What you have to do: What is needed is an exact copy of the lines from the one containing "Power A con" through the last line of the records, with no pictures.

Available data:
▬▬▬▬▬▬▬▬▬▬
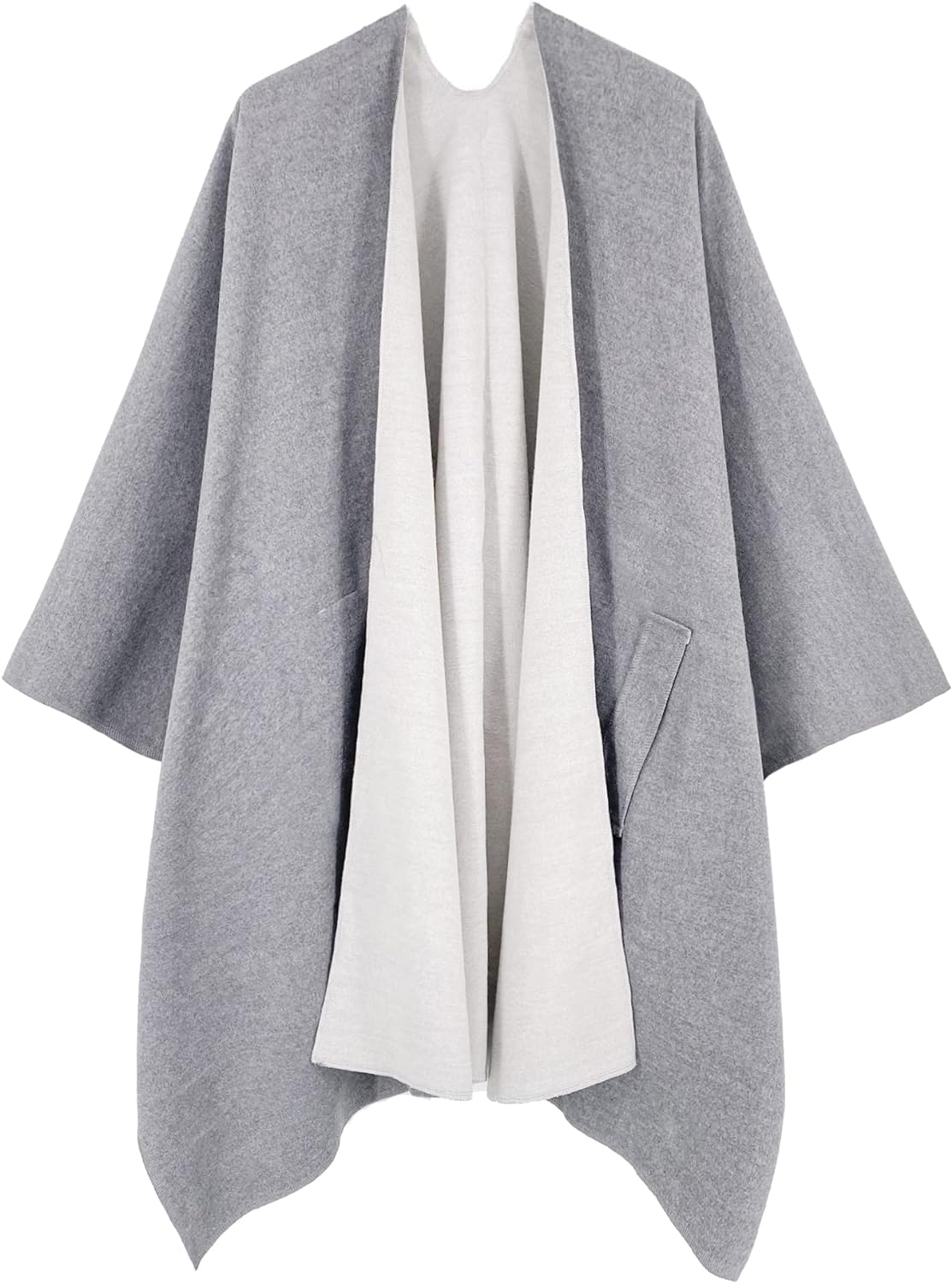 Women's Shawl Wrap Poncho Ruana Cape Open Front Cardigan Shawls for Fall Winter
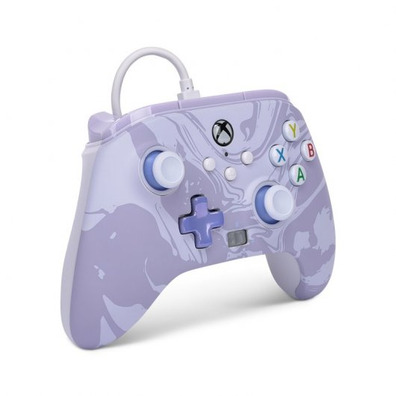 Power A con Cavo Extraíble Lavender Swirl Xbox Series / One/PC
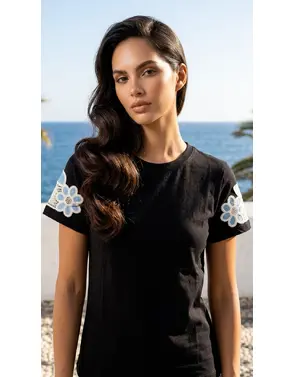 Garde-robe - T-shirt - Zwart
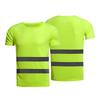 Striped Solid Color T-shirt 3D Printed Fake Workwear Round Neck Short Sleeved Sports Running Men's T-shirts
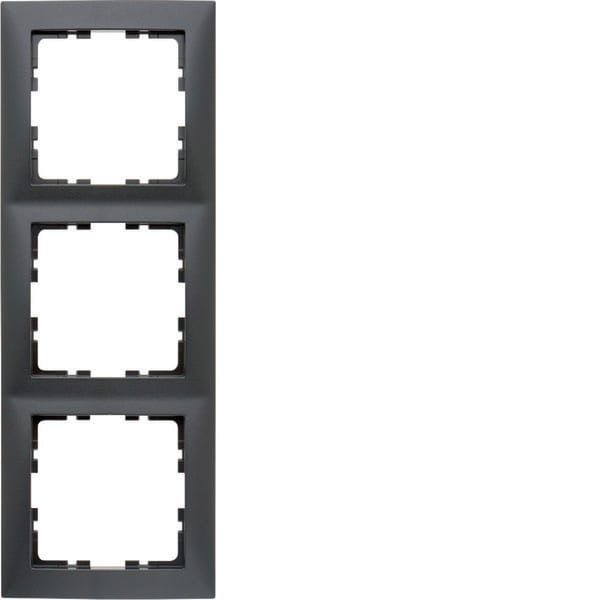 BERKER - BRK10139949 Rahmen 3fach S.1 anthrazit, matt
▬▬▬▬▬▬▬▬▬▬
Exercise answer:
 Power A con Cavo Extraíble Lavender Swirl Xbox Series / One/PC
 Garde-robe - T-shirt - Zwart
 Striped Solid Color T-shirt 3D Printed Fake Workwear Round Neck Short Sleeved Sports Running Men's T-shirts
 BERKER - BRK10139949 Rahmen 3fach S.1 anthrazit, matt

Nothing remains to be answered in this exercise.